When the form is complete, email it, along with your proposal, to the Graduate School. They will enroll you in ENGL 698, the thesis course, for the following semester.
Making a plan with your sponsor
It’s important to consult with your thesis sponsor before the start of the thesis semester, so that you can agree on a specific sequence of events for the research and writing process. The plan you agree on should take into account the roles that your second and third reader would like to play: they may want to meet with you while you’re working on the first draft, for instance, or they may only want to see the completed first draft, or they may want to wait to see your sponsor’s feedback on the first draft before they add their own. A suggested schedule for the semester is in the next section.
Note that any revisions of your thesis proposal should be completed by the end of the semester before your thesis semester—you should not still be revising the proposal during the thesis semester.
The thesis semester
We suggest checking in with your thesis sponsor at least once every two weeks, in whatever modality you agreed on. You may also want to ask specific questions of your second and third readers periodically as you go.

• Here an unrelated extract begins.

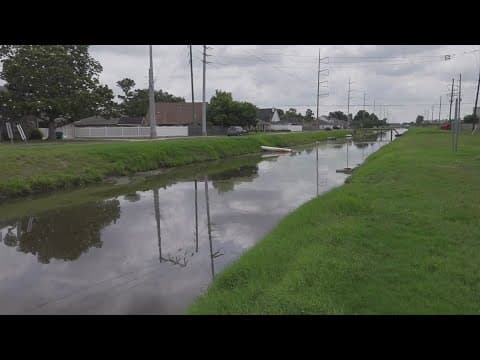 Stolen car chase leads to crash into Kenner canal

As you research and write your first draft, keep careful track of the calendar and of your progress. Be responsive to what your committee is asking you to do, but make sure that you can understand their suggestions as clear, finite tasks—not confusing, open-ended ones. If you are feeling stuck, overwhelmed, or unsure how to implement what’s being asked of you, ask for clarification and practical advice.
The same strategy should apply to revisions. Work with your sponsor to maintain a clear sequence of submitted drafts and received feedback, with set dates; make sure that your second and third readers are on board with this plan; and hold yourself and your committee to the calendar you agreed on. Try to allow for one extra set of revisions towards the end of the process.
Here is a suggested schedule for the thesis semester:
Week 1: Finalize research plan and sequence of drafts and feedback with your committee.
Week 7: First complete draft of thesis sent to your sponsor.
Week 8: Sponsor feedback on first draft sent to you and to both readers (if readers want to see it at this stage).
Week 9: Additional feedback from readers.
Week 11: Second draft to full committee.
Week 12: Final comments from committee.
Week 14: Proofreading draft to full committee; final corrections returned the same week.
Week 15: Submission of thesis to Graduate School.
In the final week, double check that your thesis is formatted according to the Graduate School’s guidelines. All three members of your committee will need to sign off on the appropriate page of the thesis before you turn it in through the “Mastering Your Thesis” Canvas course site.
Extensions
The guidelines and proposed schedule above are meant to help you avoid needing an extension for your thesis. Still, in unusual circumstances, extensions are sometimes necessary. If you are in such a situation and find yourself seriously behind schedule at around Week 10 of the semester, consult with your sponsor about whether there is still a viable path to completion by the deadline or whether it looks like you may need to apply for an extension.
If you do think that you will need an extension, contact the Graduate Program Coordinator for English right away. In some cases, the GPC may be able to negotiate a few extra days past the Graduate School’s official deadline. If that is not possible, or if that will not be enough, you will need to work with the GPC and your sponsor to enroll in ENGL 699, the thesis extension course, for the following semester. That semester usually has to be fall or spring—summer thesis extensions are generally not possible, since faculty are not paid or working during July and August (except to teach summer courses).